• Supplied material:
=== Section Start ===

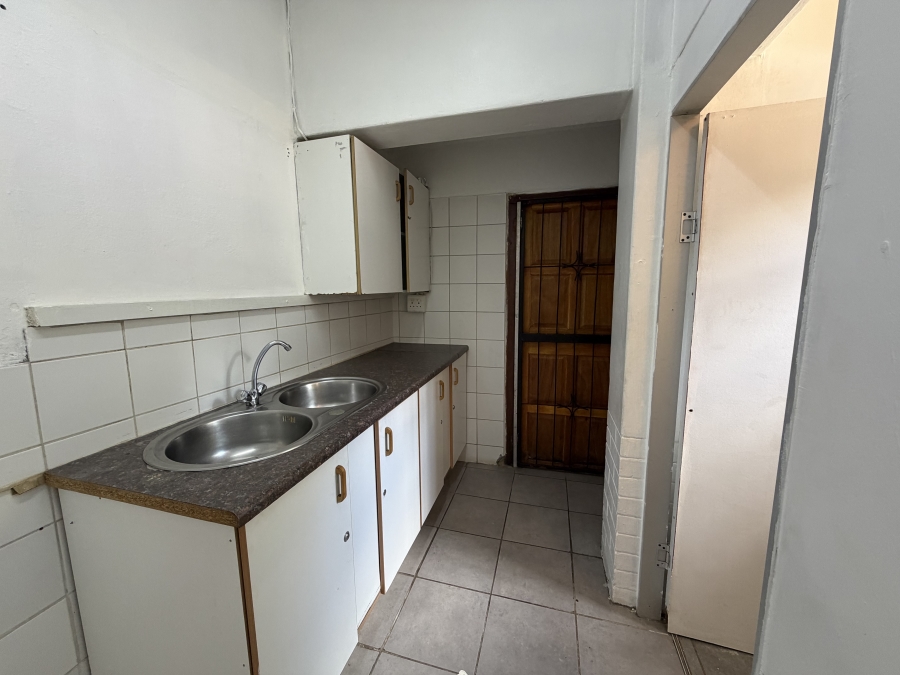 To Let Commercial Property for Rent in Clubview Gauteng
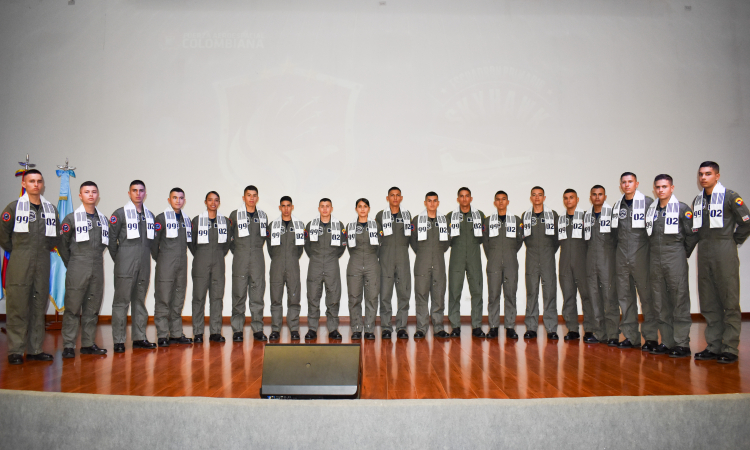 Cadete guatemalteco se entrena en Fuerza Aeroespacial Colombiana para ser piloto militar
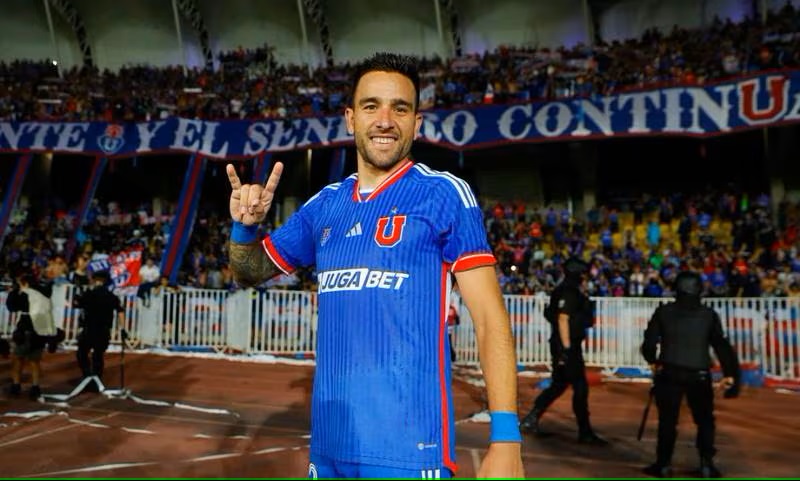 Cada día más azul: Matías Zaldivia sorprende con arenga previo al Superclásico ante Colo Colo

=== Section End ===

• How to complete this task: Please transcribe each line above exactly, but leave the images out.

• Output:
 To Let Commercial Property for Rent in Clubview Gauteng
 Cadete guatemalteco se entrena en Fuerza Aeroespacial Colombiana para ser piloto militar
 Cada día más azul: Matías Zaldivia sorprende con arenga previo al Superclásico ante Colo Colo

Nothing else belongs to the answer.